Monster Island (2004)



Who’s In It: Carmen Electra (Aerobic Striptease), Mary Elizabeth Winstead (Scott Pilgrim vs. the World, The Thing), and Adam West (Batman)

What It’s About: A high school senior wins an MTV party for his class with Carmen Electra on a tropical island, but discovers the hard way that the island is crawling with giant insects and piranha people.

How It Is: Awful. And yet amazing.

Look, it’s a Carmen Electra vehicle and on the DVD cover she gets top billing with Nick Carter, who’s barely in the movie, so you know who the target audience is. Also, there are MTV VJs playing themselves. This movie shouldn’t work at all and for the first third, it really doesn’t. The main character (Daniel Letterle) is a sulky dude named Josh who’s just lost his girlfriend Maddy (Winstead) because she wants to be with someone who's interested in the world and has some purpose to his life. Letterie’s performance is as uninspired as his character, but maybe that’s what he’s going for. Either way, I didn’t care about Josh and quickly found myself hoping he’d connect with Carmen Electra so that he’d leave poor Maddy alone.

That wish is granted when Josh meets Carmen and bonds with her over Radiohead and the Ramones, but Maddy may not actually want Josh to leave her alone. Even though she’s already got a new, superboyfriend (who of course turns out to be a prick, but we only know that at this point because we’ve seen a high school movie before), she shows signs of jealousy over Josh’s new interest in Carmen. I was not willing to sit through an hour and a half of this, especially if it was going to stop every once in a while for Carmen to sing songs like the soul-crushingly insipid “Jungle Fever.”

The only thing that kept me going was knowing that Adam West was going to show up at some point as a character named Dr. Harryhausen. The set up might be all wrong, but I had a feeling that the movie’s heart was in the right place. And I was right.

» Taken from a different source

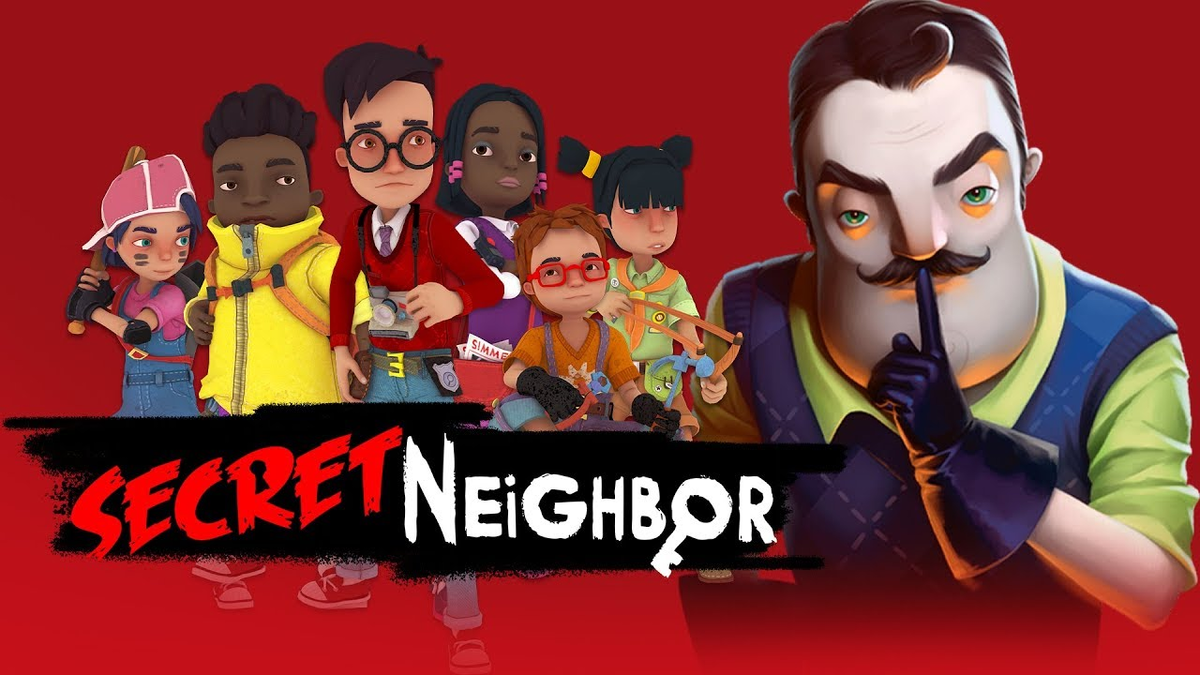 скачать secret neighbor на пк без стима фото 72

When Carmen is abducted onstage by a giant, winged ant, Josh puts together some friends and MTV employees to go rescue her. That leads into the last two-thirds of the movie, in which Carmen’s presence is replaced by lots of great creatures: mostly giant insects and arachnids, but also a piranha man and a weird fungus-creature invented by the kindly, but probably nuts Dr. Harryhausen. None of the creatures are CGI; they’re all practical effects whether life-size models or stop-motion animation. So while the movie has the cheesy look of the Land of the Lost TV series, it also has the look that someone poured a lot of love into it.

Making it even more awesome is Maddy’s finding a mystic necklace that turns her into some kind of butt-kicking deity. The romantic plot between her and Josh never rises above the usual tropes, but the longer the movie runs, the less time it spends on that anyway. It’s a goofy film, but a lot of fun and way better than it sets out to be.

Rating: Four out of five teenage warrior goddesses.